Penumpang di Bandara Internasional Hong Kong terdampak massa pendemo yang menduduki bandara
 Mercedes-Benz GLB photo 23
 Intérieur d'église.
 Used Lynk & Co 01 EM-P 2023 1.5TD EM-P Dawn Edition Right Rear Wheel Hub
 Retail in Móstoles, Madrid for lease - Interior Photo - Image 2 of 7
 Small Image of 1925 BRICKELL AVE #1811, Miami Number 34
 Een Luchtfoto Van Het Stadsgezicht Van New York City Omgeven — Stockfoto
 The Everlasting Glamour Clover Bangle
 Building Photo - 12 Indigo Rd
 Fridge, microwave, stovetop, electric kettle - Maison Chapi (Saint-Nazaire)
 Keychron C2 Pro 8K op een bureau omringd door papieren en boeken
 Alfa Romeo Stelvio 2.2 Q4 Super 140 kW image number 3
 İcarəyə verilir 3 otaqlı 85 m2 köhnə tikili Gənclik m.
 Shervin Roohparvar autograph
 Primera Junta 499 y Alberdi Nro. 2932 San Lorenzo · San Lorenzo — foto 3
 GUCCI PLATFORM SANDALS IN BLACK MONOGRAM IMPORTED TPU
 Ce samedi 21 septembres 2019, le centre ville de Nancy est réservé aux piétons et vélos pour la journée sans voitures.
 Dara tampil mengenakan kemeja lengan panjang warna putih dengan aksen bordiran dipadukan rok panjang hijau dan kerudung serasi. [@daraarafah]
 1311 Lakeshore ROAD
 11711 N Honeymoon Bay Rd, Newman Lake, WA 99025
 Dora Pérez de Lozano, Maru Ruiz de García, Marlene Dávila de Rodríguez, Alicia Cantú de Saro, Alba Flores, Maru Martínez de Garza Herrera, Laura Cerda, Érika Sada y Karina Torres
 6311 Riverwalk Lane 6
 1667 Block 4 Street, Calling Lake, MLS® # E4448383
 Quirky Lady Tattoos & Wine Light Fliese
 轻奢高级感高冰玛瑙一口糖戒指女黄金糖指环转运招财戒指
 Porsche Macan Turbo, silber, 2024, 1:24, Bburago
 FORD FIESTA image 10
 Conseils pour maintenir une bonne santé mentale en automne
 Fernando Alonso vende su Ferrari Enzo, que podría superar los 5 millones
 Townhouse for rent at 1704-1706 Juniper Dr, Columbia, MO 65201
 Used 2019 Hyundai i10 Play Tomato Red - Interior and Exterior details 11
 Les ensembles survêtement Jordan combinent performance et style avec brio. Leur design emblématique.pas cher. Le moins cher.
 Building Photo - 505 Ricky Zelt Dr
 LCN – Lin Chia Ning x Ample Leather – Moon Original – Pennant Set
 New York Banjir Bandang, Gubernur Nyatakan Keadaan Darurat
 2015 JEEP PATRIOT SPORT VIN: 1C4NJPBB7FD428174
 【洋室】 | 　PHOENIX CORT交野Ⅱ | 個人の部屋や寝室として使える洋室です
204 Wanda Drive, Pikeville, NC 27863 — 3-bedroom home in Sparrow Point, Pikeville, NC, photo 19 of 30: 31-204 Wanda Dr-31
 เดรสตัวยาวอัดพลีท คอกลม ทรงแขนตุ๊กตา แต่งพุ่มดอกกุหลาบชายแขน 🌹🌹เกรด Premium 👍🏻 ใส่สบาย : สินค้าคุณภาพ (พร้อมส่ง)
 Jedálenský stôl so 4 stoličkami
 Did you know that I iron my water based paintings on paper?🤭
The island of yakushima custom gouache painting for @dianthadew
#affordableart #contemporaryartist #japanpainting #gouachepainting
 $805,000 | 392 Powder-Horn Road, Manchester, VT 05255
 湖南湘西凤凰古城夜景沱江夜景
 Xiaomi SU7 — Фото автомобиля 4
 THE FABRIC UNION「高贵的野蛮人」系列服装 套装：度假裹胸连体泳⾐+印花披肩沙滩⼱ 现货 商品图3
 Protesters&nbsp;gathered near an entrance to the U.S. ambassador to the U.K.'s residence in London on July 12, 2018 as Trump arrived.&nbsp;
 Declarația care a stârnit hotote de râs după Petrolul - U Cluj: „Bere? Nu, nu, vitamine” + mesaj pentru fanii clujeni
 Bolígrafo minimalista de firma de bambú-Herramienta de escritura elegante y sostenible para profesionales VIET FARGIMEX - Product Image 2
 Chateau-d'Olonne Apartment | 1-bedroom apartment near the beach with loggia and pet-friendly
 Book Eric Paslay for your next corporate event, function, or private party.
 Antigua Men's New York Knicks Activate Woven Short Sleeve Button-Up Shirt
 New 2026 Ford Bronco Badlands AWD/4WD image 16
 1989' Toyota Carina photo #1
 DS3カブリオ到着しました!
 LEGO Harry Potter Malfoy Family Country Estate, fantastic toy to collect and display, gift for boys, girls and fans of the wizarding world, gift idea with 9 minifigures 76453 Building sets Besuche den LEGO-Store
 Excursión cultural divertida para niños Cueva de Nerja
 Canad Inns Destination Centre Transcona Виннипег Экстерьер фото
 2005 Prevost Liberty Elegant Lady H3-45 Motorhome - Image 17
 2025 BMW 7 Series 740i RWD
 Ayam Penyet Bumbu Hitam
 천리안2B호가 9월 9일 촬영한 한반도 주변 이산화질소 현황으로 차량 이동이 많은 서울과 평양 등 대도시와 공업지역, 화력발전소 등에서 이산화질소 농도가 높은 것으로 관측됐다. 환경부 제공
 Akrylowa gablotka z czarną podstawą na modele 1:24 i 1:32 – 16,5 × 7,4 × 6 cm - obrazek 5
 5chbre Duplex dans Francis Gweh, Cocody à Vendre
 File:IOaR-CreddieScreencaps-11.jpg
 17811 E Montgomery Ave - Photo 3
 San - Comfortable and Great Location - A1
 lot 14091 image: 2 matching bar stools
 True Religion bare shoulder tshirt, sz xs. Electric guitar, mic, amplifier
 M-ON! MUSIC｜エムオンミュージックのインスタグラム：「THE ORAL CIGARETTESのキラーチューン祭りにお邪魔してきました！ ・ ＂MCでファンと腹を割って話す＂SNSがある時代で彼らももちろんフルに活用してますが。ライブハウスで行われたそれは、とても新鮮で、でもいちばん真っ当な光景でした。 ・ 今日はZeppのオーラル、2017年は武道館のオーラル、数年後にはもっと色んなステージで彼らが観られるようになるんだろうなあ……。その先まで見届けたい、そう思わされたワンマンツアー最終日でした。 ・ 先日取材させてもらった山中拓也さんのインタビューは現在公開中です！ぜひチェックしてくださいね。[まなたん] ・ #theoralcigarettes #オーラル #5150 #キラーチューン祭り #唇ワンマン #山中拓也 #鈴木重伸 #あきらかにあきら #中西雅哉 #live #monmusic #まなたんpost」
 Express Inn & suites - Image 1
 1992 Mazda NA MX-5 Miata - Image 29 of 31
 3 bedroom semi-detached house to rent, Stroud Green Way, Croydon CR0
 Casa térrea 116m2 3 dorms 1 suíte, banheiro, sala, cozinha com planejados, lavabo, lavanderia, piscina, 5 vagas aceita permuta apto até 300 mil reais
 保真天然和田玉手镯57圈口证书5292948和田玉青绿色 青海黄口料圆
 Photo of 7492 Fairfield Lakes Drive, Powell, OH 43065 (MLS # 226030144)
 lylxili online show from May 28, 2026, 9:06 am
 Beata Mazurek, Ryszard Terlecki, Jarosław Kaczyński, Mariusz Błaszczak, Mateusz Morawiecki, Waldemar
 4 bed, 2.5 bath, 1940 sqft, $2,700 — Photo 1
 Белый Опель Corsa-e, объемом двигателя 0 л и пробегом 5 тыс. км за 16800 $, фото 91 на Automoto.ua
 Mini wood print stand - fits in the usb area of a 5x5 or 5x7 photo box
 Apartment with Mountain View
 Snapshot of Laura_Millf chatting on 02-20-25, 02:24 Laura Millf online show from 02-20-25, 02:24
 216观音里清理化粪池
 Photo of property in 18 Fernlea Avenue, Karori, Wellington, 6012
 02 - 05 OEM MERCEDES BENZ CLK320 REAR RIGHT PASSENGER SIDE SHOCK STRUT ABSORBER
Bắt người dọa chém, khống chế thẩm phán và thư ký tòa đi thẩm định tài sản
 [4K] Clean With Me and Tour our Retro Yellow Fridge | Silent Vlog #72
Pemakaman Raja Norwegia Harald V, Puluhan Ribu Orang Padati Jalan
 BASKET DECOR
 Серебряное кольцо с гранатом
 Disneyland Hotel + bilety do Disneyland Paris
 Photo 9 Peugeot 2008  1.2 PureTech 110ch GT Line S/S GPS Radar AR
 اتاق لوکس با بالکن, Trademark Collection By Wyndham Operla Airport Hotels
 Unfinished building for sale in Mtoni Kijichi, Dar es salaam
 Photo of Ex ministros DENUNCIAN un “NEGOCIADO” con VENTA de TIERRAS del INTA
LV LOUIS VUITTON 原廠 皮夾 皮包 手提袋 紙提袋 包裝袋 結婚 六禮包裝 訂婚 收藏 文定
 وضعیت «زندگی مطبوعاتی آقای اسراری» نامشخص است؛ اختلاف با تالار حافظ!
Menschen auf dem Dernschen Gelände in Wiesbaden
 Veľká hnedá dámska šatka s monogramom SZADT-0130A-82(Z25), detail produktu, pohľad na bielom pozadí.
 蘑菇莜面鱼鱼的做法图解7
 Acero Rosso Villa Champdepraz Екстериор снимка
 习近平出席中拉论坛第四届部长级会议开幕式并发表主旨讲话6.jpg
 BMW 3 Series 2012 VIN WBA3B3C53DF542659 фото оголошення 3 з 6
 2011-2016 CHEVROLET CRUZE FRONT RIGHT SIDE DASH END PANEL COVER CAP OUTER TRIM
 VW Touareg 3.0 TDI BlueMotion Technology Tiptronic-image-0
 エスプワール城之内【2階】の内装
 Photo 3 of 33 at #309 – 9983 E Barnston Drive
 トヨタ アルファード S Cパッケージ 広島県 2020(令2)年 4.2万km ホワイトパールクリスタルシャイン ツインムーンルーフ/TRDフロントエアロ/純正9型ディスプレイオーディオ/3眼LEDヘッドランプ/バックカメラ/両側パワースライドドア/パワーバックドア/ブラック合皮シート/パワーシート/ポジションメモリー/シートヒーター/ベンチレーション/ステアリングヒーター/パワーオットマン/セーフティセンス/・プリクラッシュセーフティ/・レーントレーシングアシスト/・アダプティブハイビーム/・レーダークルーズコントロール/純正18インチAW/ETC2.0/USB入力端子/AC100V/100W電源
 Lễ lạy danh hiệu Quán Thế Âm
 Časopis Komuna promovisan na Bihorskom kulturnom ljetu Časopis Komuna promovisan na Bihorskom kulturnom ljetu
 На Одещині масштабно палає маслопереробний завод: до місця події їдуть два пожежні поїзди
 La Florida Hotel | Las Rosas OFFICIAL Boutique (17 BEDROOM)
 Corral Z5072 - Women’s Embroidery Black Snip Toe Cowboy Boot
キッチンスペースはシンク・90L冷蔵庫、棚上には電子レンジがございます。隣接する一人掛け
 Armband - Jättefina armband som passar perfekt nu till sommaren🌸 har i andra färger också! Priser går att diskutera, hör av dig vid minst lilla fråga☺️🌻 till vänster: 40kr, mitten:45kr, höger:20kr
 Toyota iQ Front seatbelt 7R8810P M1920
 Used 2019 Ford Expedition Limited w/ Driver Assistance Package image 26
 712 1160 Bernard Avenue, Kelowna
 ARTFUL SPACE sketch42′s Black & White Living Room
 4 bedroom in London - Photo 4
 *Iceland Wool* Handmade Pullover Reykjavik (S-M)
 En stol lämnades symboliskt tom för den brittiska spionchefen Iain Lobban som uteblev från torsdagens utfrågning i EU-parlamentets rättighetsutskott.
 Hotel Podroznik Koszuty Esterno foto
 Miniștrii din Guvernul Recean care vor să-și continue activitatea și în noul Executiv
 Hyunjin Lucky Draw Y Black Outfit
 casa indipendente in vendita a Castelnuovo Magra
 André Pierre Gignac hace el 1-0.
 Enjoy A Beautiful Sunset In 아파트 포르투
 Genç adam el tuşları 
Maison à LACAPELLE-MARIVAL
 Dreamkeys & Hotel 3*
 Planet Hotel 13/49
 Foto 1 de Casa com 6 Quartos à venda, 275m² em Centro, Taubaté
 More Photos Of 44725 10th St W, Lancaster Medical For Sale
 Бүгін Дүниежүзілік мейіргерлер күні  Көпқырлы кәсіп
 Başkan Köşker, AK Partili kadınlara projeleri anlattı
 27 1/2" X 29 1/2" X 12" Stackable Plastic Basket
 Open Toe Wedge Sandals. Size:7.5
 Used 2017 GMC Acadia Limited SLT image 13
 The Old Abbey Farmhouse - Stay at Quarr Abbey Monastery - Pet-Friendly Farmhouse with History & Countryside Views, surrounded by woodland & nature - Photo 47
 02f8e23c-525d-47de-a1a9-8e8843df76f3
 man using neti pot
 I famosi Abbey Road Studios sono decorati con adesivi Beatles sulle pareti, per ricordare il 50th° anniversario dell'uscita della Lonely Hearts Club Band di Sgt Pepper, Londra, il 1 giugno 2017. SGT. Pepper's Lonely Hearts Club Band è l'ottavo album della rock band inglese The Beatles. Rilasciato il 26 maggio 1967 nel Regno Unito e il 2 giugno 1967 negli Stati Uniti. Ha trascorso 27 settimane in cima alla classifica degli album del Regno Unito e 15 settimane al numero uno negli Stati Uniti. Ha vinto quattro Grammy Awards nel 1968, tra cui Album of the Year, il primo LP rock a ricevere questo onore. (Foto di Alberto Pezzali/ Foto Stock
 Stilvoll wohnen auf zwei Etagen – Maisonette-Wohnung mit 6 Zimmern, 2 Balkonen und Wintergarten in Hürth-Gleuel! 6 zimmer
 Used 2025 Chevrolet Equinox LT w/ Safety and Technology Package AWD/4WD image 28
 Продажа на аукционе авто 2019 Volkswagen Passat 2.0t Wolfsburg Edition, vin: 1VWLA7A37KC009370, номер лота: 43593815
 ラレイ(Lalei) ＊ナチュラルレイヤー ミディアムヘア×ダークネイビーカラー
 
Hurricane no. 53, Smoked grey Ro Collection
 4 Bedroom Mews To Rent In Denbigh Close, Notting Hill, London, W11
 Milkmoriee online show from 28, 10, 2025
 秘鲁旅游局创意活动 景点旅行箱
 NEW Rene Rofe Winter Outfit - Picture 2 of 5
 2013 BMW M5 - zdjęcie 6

────────────────────────────────────────

EXERCISE DIRECTIONS: Retype the listing above, word for word, from its first line to the line containing "Fernando Alonso vende", both ends included.

RESPONSE AREA:
Penumpang di Bandara Internasional Hong Kong terdampak massa pendemo yang menduduki bandara
 Mercedes-Benz GLB photo 23
 Intérieur d'église.
 Used Lynk & Co 01 EM-P 2023 1.5TD EM-P Dawn Edition Right Rear Wheel Hub
 Retail in Móstoles, Madrid for lease - Interior Photo - Image 2 of 7
 Small Image of 1925 BRICKELL AVE #1811, Miami Number 34
 Een Luchtfoto Van Het Stadsgezicht Van New York City Omgeven — Stockfoto
 The Everlasting Glamour Clover Bangle
 Building Photo - 12 Indigo Rd
 Fridge, microwave, stovetop, electric kettle - Maison Chapi (Saint-Nazaire)
 Keychron C2 Pro 8K op een bureau omringd door papieren en boeken
 Alfa Romeo Stelvio 2.2 Q4 Super 140 kW image number 3
 İcarəyə verilir 3 otaqlı 85 m2 köhnə tikili Gənclik m.
 Shervin Roohparvar autograph
 Primera Junta 499 y Alberdi Nro. 2932 San Lorenzo · San Lorenzo — foto 3
 GUCCI PLATFORM SANDALS IN BLACK MONOGRAM IMPORTED TPU
 Ce samedi 21 septembres 2019, le centre ville de Nancy est réservé aux piétons et vélos pour la journée sans voitures.
 Dara tampil mengenakan kemeja lengan panjang warna putih dengan aksen bordiran dipadukan rok panjang hijau dan kerudung serasi. [@daraarafah]
 1311 Lakeshore ROAD
 11711 N Honeymoon Bay Rd, Newman Lake, WA 99025
 Dora Pérez de Lozano, Maru Ruiz de García, Marlene Dávila de Rodríguez, Alicia Cantú de Saro, Alba Flores, Maru Martínez de Garza Herrera, Laura Cerda, Érika Sada y Karina Torres
 6311 Riverwalk Lane 6
 1667 Block 4 Street, Calling Lake, MLS® # E4448383
 Quirky Lady Tattoos & Wine Light Fliese
 轻奢高级感高冰玛瑙一口糖戒指女黄金糖指环转运招财戒指
 Porsche Macan Turbo, silber, 2024, 1:24, Bburago
 FORD FIESTA image 10
 Conseils pour maintenir une bonne santé mentale en automne
 Fernando Alonso vende su Ferrari Enzo, que podría superar los 5 millones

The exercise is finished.